Le traité d’Aix-la-Chapelle donne une nouvelle impulsion en matière de coopération transfrontalière. Depuis les années 1990, les deux pays ont acquis une expérience considérable, qu’il s’agisse de la mise en place des eurodistricts ou de la vie quotidienne des transfrontaliers (impôts, santé, transports…). Mais c’est aussi un sujet délicat, car il s’agit de reconnaître un statut particulier aux régions frontalières. Cependant, la focalisation sur le transfrontalier porte en elle le risque de faire du franco-allemand une affaire régionale qui ne concernerait plus l’ensemble des citoyens des deux pays.
Aussi, pour que nul ne soit laissé en marge de la coopération, le traité veut donner un nouvel élan aux relations culturelles et sociétales et encourager les initiatives venues de la base. Le traité annonce la mise en place d’un Fonds citoyen franco-allemand. Il permet de financer des initiatives citoyennes, comme les jumelages et bien d’autres rencontres. Depuis son lancement en avril 2020, il complète ainsi l’action de l’OFAJ au-delà de la seule « jeunesse ». Le traité d’Aix-la-Chapelle conforte aussi le rôle de l’OFAJ. Les échanges de jeunes doivent être encouragés à tous les niveaux : pas seulement pour les diplômés du supérieur (la mission de l’Université franco-allemande est réaffirmée), mais aussi pour les lycéens et les apprentis dans le cadre des formations professionnelles.

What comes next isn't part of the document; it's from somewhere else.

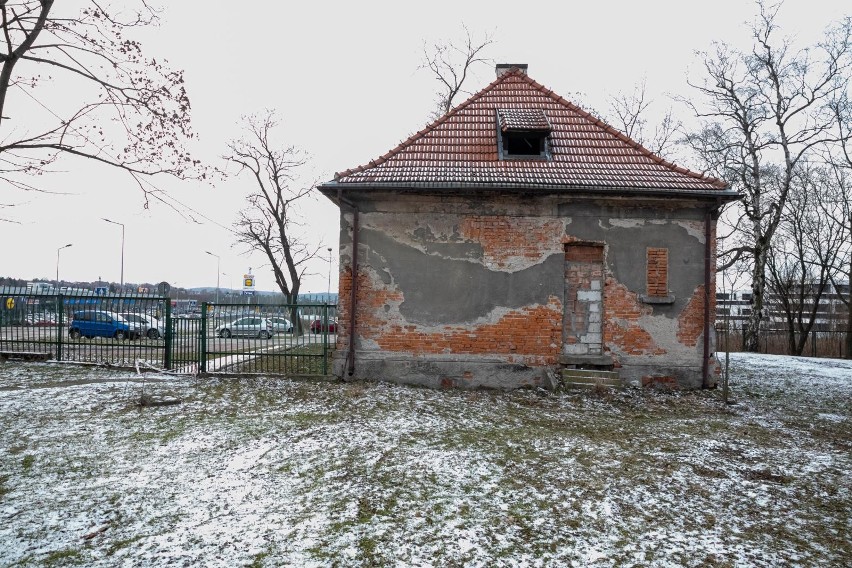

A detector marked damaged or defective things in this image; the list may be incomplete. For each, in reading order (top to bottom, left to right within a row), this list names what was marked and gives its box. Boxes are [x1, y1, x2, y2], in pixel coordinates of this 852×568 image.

rusty metal fence [0, 288, 338, 378]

Ce traité revendique encore un nouvel esprit : celui de la « nouvelle responsabilité franco-allemande pour l’Europe ». En 1963, le traité de l’Élysée avait constitué une solution bilatérale de repli, bricolée en urgence après l’échec d’un projet d’union politique de l’Europe des Six en 1962. Le traité de 2019 correspond à une logique inverse : non pas le bilatéral comme alternative à l’Europe, mais le franco-allemand au service de l’Europe. Au moins en intention ! Aussi la signature du traité a été soigneusement mise en scène, dans la ville de Charlemagne, figure tutélaire de l’Europe, en présence des représentants des principales institutions européennes.

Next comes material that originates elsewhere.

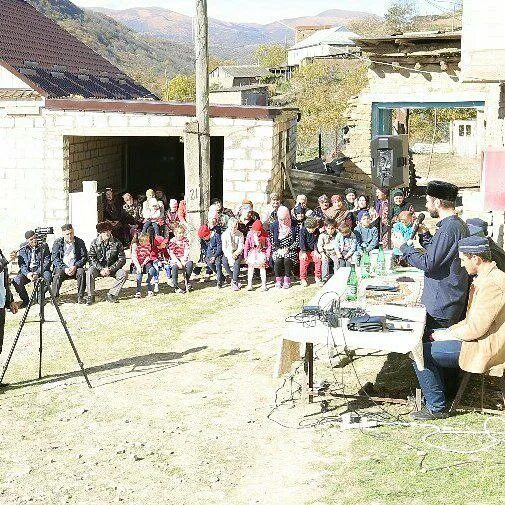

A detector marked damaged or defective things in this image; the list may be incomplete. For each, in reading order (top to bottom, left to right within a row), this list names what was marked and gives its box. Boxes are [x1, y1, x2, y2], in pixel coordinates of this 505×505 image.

rusty metal roof [0, 0, 157, 99]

Conçu pour mieux répondre aux défis écologiques, climatiques et numériques du 21e siècle, il est encore trop tôt pour dire si le traité d’Aix-la-Chapelle est adapté à ces nouveaux enjeux. Avec la guerre en Ukraine, la relation franco-allemande et l’Union européenne sont ébranlées et doivent en urgence trouver de nouvelles façons de faire face à la situation.